• [ASSIGNED TASK]:
Print the entries underneath word for word, omitting whatever pictures they contain.

• [DATA FOR REVIEW]:
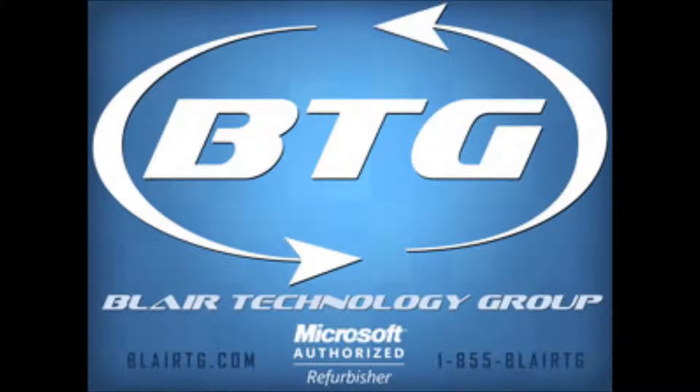If you run into any issues or have any questions, certainly feel free to give us a call. We can be reached 8 a.m. to 5 p.m. Eastern Standard Time, Monday through Friday at 855-BLAIR-TG. Again, that's 855-BLAIR-TG. I hope this video helped and have yourself a good day. Thank you.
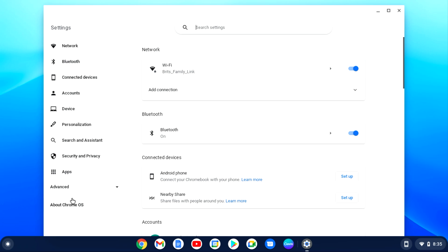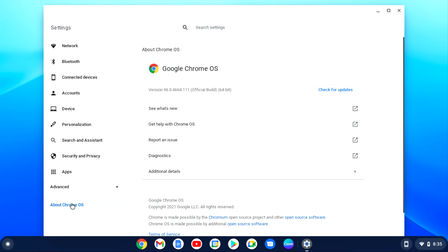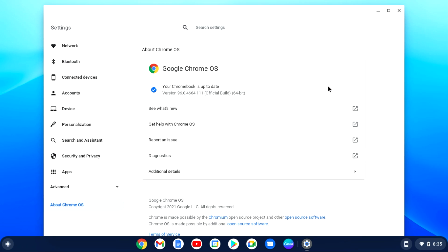Settings will open and then if you look at the bottom left hand side, about Chrome OS. You then want to select the check for updates and if there are any updates it will run the updates and restart.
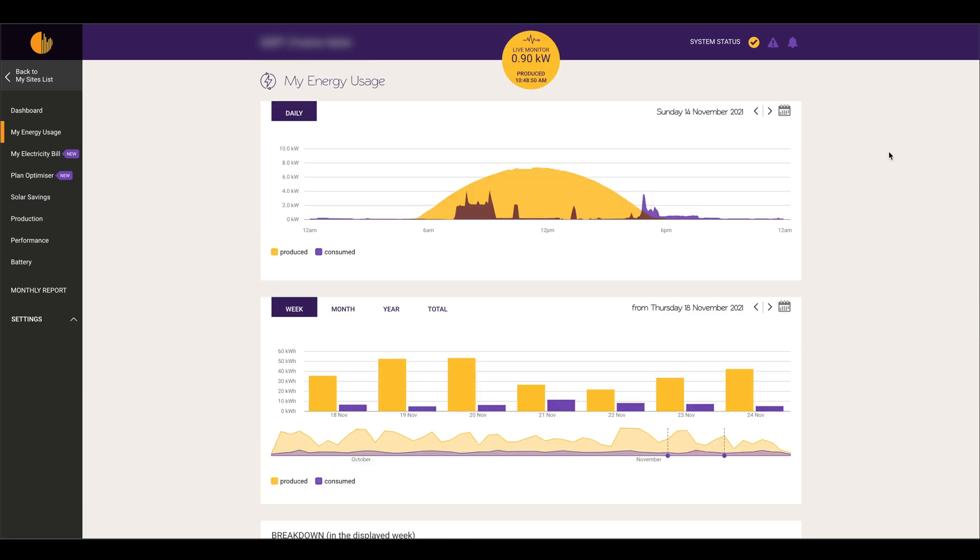So that's the basics of Solar Analytics. You can always refer to this if you want to know how your system is performing, how many kilowatts you're producing, and how much you're consuming on a daily, weekly, and monthly basis. Thanks for watching.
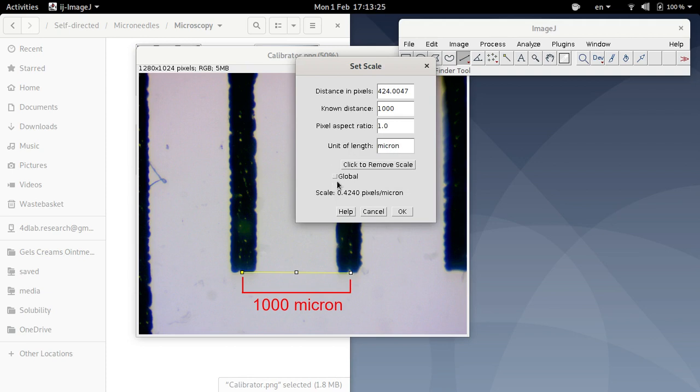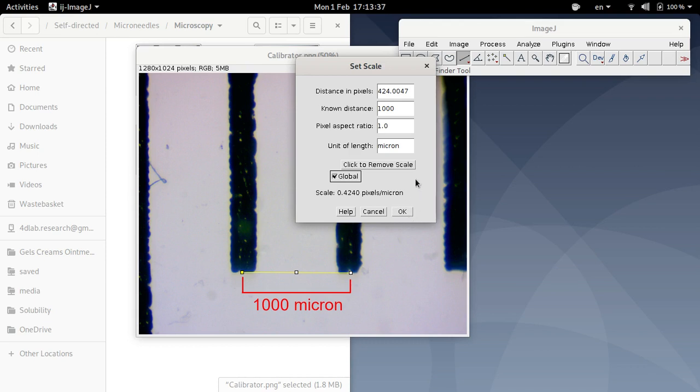Okay, I will click that global. I will click that box. And what that does is it makes ImageJ remember this conversion factor so that if you then close this image and open up other images, ImageJ will apply the same scaling factor to those images as well.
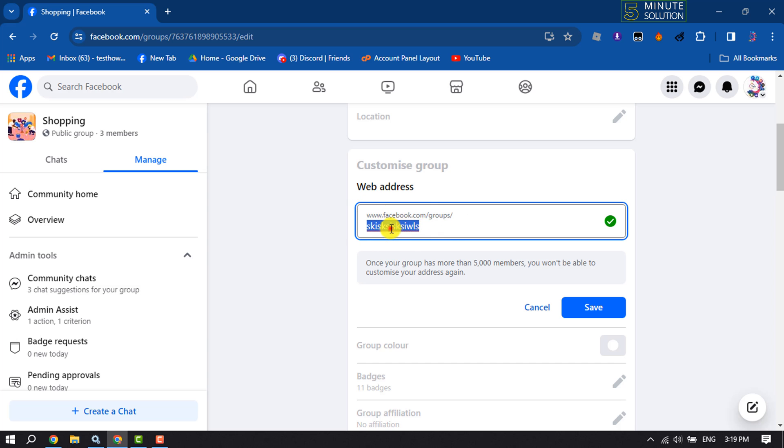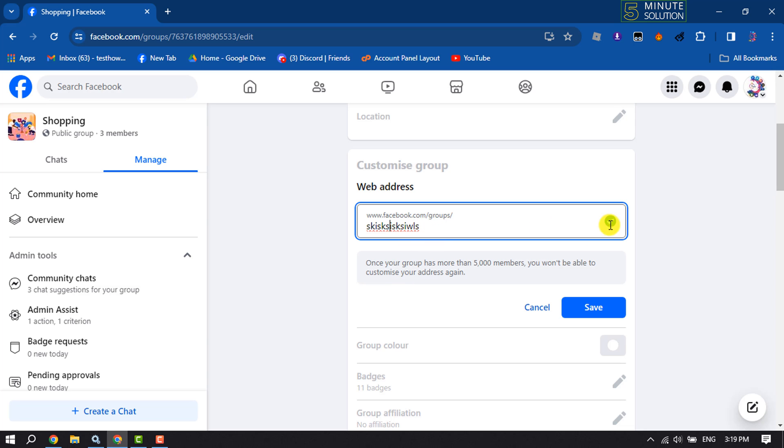Note one thing that once your group has more than 5000 members you won't be able to customize your group link or address again. Now if you see this green check mark it means this name or link is available.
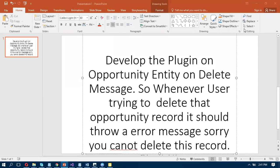Hi, this is Ashwad Kumar from CRM1s. In this video, I am going to explain about developing a plugin on the Opportunity entity on the delete message. So whenever you are trying to delete the opportunity, you should throw an error message: 'Sorry, you cannot delete this record.'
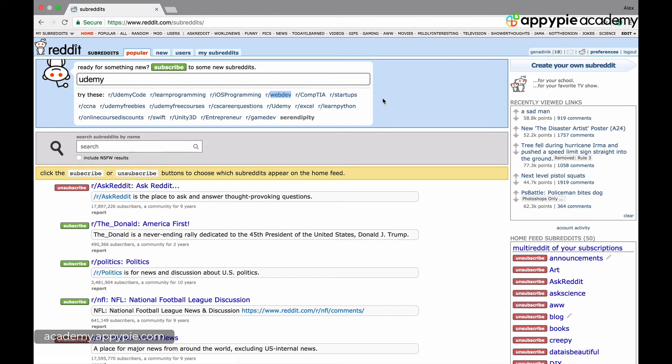So just give Reddit a little bit of a chance, get used to it, try to get used to the clutter. Getting used to the clutter is partially just spending a little bit of time on this site and then you'll be able to swim in these waters and you'll be fluent in it and you'll also know how to sell and find all the right subreddits for you and you'll be off to the races.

• [WRITTEN ANSWER]:
If you run into any issues or have any questions, certainly feel free to give us a call. We can be reached 8 a.m. to 5 p.m. Eastern Standard Time, Monday through Friday at 855-BLAIR-TG. Again, that's 855-BLAIR-TG. I hope this video helped and have yourself a good day. Thank you.
Settings will open and then if you look at the bottom left hand side, about Chrome OS. You then want to select the check for updates and if there are any updates it will run the updates and restart.
So that's the basics of Solar Analytics. You can always refer to this if you want to know how your system is performing, how many kilowatts you're producing, and how much you're consuming on a daily, weekly, and monthly basis. Thanks for watching.
Okay, I will click that global. I will click that box. And what that does is it makes ImageJ remember this conversion factor so that if you then close this image and open up other images, ImageJ will apply the same scaling factor to those images as well.
Note one thing that once your group has more than 5000 members you won't be able to customize your group link or address again. Now if you see this green check mark it means this name or link is available.
Hi, this is Ashwad Kumar from CRM1s. In this video, I am going to explain about developing a plugin on the Opportunity entity on the delete message. So whenever you are trying to delete the opportunity, you should throw an error message: 'Sorry, you cannot delete this record.'
So just give Reddit a little bit of a chance, get used to it, try to get used to the clutter. Getting used to the clutter is partially just spending a little bit of time on this site and then you'll be able to swim in these waters and you'll be fluent in it and you'll also know how to sell and find all the right subreddits for you and you'll be off to the races.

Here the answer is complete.